Stored items from a collection:

*-*-*

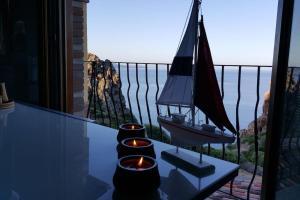 a group of candles on a balcony with the view of the ocean at Tanca Piras - Emozioni a strapiombo sul Mare!!! in Nebida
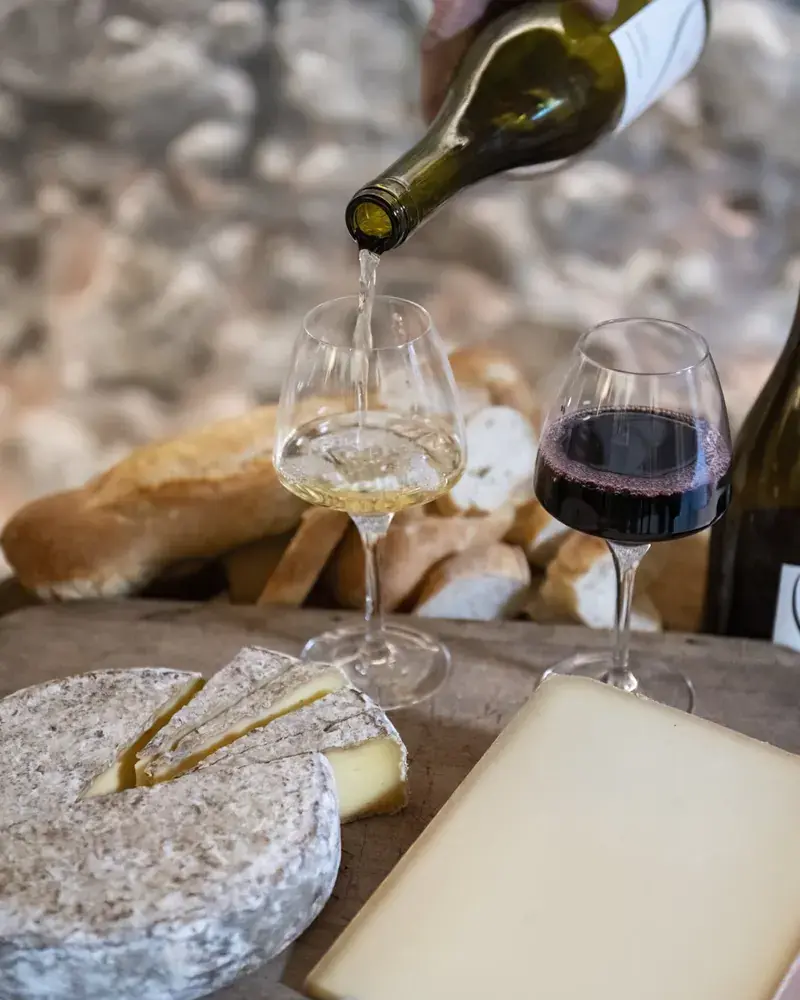 Table dressée dans les vignes avec fromages de Savoie, charcuterie et verres de vin local au coucher du soleil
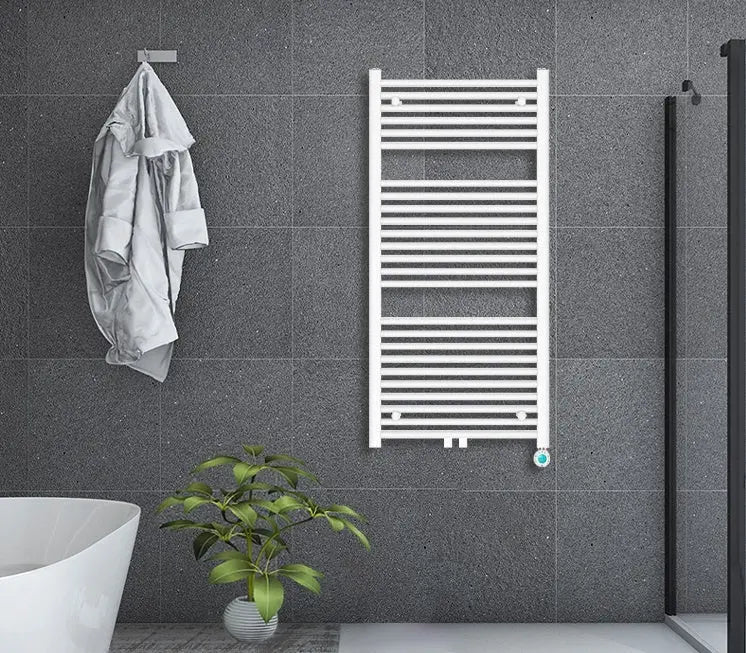 Witte elektrische handdoekradiator aan een donkere badkamerwand naast een bad en douchewand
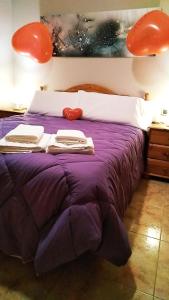 莫雷拉Casa Placet de Sant Joan Apto的一张带紫色棉被和毛巾的床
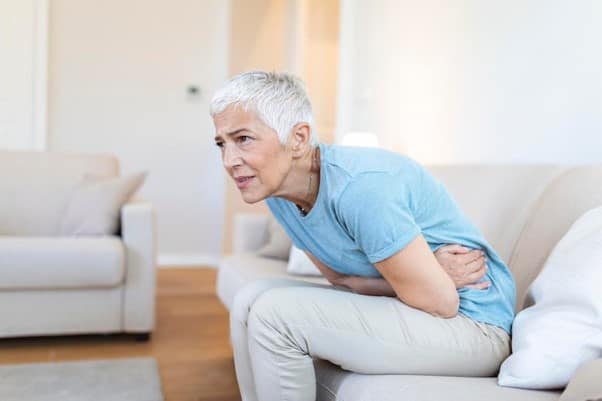 A woman experiencing lower abdominal pain at home.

*-*-*

▸ WORK ORDER: Exact copies of the entries above are needed, with every picture removed.

▸ EXERCISE RESULT:
 a group of candles on a balcony with the view of the ocean at Tanca Piras - Emozioni a strapiombo sul Mare!!! in Nebida
 Table dressée dans les vignes avec fromages de Savoie, charcuterie et verres de vin local au coucher du soleil
 Witte elektrische handdoekradiator aan een donkere badkamerwand naast een bad en douchewand
 莫雷拉Casa Placet de Sant Joan Apto的一张带紫色棉被和毛巾的床
 A woman experiencing lower abdominal pain at home.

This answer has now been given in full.